New Treatment Options and Prevention
While there are no cures for COPD, Nawaz says managing the disease and its symptoms includes preventative measures such as flu and pneumonia vaccinations. As the disease progresses, additional treatment methods include pulmonary rehab, which is an eight-week program that teaches patients breathing exercises to improve their quality of life. Oxygen therapy also can assist advanced patients, and Nawaz notes that the advancement of portable devices carried in handbags or backpacks allows patients to continue to work and be more active.
A more recent treatment option that has demonstrated good results is endobronchial valve therapy, a minimally invasive procedure in which tiny bronchial valves, as small as pencil erasers, are put into the lungs.
“The more damaged part of the lung that is causing COPD is not really participating in the lung function. We can close that door and let the healthy lung work better,” Nawaz says. “The bronchial valves help people to exhale but not inhale the air in that area. Studies have shown it helps people to breathe better. They start seeing sudden improvement because the healthy lung is now more active.”
Nawaz, who anticipates Saint Joseph East offering the procedure in early 2020, says it is an outpatient procedure performed using a bronchoscope. The patient is anesthetized while the bronchoscope is inserted through the mouth to deploy the valve.
Smoking and Vaping Cause Lung Damage
While treatments can offer better quality of life for COPD sufferers, Nawaz is intent on addressing the predominant cause of COPD.

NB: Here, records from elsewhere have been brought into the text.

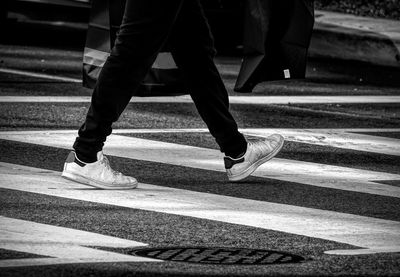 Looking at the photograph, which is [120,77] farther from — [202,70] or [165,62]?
[165,62]

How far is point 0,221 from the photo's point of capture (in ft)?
19.5

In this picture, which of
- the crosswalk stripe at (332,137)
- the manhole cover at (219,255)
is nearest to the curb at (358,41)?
the crosswalk stripe at (332,137)

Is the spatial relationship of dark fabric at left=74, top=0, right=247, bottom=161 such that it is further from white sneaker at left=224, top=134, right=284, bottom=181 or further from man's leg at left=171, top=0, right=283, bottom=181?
white sneaker at left=224, top=134, right=284, bottom=181

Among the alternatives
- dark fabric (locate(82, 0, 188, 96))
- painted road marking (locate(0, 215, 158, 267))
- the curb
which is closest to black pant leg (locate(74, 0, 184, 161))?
dark fabric (locate(82, 0, 188, 96))

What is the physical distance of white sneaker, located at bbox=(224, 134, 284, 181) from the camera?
7238 millimetres

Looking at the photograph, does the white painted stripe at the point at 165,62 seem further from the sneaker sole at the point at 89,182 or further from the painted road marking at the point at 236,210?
the sneaker sole at the point at 89,182

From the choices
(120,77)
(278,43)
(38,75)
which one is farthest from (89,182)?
(38,75)

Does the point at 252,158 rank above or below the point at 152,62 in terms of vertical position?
below

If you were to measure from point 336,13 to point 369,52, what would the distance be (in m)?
2.34

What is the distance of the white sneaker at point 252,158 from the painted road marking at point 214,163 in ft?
0.46

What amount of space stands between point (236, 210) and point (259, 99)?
4762 mm

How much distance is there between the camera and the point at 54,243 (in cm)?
550

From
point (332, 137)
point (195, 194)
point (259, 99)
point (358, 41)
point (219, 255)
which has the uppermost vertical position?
point (219, 255)

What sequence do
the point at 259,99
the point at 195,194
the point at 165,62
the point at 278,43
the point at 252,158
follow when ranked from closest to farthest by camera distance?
the point at 195,194 → the point at 252,158 → the point at 278,43 → the point at 165,62 → the point at 259,99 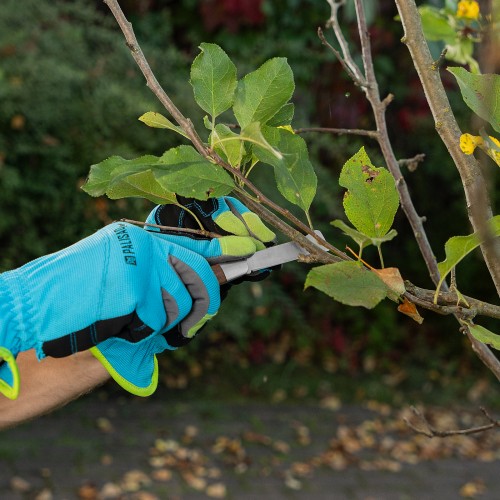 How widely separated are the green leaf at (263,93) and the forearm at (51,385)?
2.07 feet

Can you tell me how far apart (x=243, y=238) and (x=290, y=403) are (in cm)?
368

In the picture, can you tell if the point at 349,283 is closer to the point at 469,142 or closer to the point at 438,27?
the point at 469,142

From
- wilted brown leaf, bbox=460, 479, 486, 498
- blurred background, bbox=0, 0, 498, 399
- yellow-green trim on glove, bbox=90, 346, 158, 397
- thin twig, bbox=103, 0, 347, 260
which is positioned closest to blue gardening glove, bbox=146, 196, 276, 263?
thin twig, bbox=103, 0, 347, 260

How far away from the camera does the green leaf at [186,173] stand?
88cm

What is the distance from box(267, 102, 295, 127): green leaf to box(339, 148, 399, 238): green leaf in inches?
4.8

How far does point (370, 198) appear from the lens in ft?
3.00

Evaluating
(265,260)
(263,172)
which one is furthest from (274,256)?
(263,172)

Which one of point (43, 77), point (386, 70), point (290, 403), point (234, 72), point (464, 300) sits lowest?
point (290, 403)

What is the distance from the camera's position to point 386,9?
496cm

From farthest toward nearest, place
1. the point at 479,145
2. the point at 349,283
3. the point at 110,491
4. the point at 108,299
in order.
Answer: the point at 110,491 → the point at 108,299 → the point at 479,145 → the point at 349,283

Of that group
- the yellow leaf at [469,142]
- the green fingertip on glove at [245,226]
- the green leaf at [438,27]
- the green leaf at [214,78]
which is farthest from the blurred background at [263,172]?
the yellow leaf at [469,142]

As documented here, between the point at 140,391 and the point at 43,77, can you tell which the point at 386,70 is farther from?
the point at 140,391

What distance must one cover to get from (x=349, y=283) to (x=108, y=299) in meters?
0.44

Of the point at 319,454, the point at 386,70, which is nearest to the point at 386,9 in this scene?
the point at 386,70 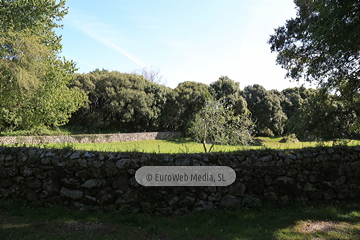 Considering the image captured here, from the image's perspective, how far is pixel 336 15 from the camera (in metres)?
6.27

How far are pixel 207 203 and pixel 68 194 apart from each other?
10.9 feet

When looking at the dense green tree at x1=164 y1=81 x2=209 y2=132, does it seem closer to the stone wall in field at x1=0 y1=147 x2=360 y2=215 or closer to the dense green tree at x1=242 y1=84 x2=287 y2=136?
the dense green tree at x1=242 y1=84 x2=287 y2=136

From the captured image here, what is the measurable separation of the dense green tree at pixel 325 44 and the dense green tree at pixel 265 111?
1091 inches

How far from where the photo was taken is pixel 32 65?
38.7ft

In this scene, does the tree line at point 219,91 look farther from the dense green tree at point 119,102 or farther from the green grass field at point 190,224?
the dense green tree at point 119,102

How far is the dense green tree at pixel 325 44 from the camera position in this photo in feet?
21.4

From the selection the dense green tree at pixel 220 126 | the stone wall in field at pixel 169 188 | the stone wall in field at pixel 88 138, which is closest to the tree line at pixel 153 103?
the stone wall in field at pixel 88 138

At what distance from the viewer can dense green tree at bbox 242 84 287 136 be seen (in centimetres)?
3772

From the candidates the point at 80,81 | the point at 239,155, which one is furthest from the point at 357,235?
the point at 80,81

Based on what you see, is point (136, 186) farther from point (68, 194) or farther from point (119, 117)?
point (119, 117)

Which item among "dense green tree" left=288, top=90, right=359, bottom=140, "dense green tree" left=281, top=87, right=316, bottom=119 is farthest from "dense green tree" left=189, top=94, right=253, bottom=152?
"dense green tree" left=281, top=87, right=316, bottom=119

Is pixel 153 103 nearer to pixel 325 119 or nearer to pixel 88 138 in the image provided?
pixel 88 138

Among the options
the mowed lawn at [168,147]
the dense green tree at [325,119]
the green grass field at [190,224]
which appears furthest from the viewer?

“Treatments have improved, but it’s unfortunate we are not making more progress on COPD because smoking is still a problem,” Nawaz says. She notes that while vaping can, in some cases, help someone stop smoking, it is not a recommended smoking cessation solution. “Vaping causes acute lung injury. A good percentage of my patients use e-cigarettes or vaping to quit smoking, so my recommendation is, if they are already vaping and can quit smoking within a few weeks, fine. But I do not recommend it on a long-term basis.”
Smoking, of course, creates health issues beyond COPD. It is also the leading cause of lung cancer. While efforts to improve chemotherapies and find cures continue, Nawaz notes that easier, more accurate diagnostic tools are already making a difference.

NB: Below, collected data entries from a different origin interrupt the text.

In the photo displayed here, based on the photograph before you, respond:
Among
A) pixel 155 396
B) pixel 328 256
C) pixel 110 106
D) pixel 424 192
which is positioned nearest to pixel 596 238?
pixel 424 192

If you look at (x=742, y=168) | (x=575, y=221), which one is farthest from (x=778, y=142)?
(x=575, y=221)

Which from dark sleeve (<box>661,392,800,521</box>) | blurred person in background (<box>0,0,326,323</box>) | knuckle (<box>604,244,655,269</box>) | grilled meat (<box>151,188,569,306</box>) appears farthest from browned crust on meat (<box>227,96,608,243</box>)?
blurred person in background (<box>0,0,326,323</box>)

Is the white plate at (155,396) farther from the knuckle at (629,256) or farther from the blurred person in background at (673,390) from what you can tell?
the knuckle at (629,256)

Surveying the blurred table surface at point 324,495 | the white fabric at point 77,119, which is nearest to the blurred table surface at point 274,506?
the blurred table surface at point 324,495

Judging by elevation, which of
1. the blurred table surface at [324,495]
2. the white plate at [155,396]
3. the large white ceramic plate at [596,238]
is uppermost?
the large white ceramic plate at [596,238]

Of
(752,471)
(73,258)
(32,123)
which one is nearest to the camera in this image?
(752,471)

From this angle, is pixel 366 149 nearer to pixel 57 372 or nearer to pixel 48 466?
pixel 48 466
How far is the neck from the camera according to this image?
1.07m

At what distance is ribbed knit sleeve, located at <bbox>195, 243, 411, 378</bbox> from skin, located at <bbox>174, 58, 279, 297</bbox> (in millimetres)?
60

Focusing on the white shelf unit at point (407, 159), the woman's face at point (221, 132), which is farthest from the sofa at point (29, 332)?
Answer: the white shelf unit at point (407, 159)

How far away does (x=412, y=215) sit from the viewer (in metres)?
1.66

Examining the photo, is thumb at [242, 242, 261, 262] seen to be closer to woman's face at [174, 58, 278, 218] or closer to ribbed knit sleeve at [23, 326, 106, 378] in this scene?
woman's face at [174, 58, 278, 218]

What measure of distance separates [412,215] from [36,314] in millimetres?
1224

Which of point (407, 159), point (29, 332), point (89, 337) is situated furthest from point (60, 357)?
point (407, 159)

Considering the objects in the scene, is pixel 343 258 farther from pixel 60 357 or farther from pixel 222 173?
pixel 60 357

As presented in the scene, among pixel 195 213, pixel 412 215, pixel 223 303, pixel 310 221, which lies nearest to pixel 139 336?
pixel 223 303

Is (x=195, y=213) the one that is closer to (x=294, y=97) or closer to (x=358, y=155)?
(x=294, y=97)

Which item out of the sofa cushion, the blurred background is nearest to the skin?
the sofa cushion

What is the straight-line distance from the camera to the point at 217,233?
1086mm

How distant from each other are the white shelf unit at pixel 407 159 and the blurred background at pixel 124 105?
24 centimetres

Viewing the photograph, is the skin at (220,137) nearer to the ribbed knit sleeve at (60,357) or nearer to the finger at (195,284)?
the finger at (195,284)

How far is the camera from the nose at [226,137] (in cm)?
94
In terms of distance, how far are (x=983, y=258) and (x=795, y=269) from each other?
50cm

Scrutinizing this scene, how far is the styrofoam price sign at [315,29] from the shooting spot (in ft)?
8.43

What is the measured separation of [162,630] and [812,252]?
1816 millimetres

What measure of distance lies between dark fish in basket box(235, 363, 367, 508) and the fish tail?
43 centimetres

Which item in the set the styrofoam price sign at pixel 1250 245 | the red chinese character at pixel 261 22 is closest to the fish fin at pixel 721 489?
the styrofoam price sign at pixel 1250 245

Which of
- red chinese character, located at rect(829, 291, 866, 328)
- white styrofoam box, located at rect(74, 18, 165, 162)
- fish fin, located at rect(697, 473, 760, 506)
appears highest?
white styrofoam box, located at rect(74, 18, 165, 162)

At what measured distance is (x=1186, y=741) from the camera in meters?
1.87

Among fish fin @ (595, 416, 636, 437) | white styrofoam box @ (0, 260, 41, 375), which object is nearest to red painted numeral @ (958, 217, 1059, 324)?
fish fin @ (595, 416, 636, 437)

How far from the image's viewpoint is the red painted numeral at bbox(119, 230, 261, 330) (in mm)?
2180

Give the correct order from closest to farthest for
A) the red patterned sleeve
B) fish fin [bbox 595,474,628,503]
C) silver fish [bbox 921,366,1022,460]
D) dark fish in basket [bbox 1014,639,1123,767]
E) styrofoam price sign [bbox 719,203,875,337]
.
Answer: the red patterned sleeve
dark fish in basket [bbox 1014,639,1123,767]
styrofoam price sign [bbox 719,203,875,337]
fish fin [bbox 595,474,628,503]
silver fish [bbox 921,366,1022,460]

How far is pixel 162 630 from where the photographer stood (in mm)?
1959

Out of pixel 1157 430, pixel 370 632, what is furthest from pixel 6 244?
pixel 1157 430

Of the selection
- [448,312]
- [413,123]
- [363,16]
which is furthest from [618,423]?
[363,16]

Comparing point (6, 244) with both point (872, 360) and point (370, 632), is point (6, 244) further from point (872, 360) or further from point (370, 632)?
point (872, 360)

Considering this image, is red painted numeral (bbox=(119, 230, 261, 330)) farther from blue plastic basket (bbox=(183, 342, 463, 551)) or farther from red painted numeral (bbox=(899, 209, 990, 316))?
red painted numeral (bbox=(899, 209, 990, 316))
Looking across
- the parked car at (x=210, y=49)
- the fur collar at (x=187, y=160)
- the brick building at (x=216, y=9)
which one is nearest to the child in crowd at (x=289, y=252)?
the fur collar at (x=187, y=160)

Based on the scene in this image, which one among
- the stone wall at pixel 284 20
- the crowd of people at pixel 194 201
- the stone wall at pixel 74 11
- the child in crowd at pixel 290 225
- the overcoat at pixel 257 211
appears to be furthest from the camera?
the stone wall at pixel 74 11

“Years ago we did not have any standardized tests for lung cancer screening,” says Nawaz, who frequently does biopsies on lung nodules. “Now, lung cancer screening is recommended for anybody between the ages of 55 and 75 who has smoked for about 30 years and quit within past 15 years. For those patients, we do an annual low-dose CT scan of the lungs, and if we find anything early, then we can decide if it needs to be biopsied or needs to be followed closely.”
Nawaz says that bronchoscopies allow physicians to get “a more accurate, efficient, and quicker reply” than the former practice of sending potential lung cancer patients to surgeons for biopsies.
“We are becoming less invasive and becoming more accurate with these kinds of diagnoses,” she says, noting that patients are much more willing to have the screening via the bronchoscopy versus the more invasive surgical procedure. “No one likes to have their chest cut open. That is the last resort now.”
Better diagnostics, better procedures, better outcomes. It’s not a cure, but it is a breath of fresh air.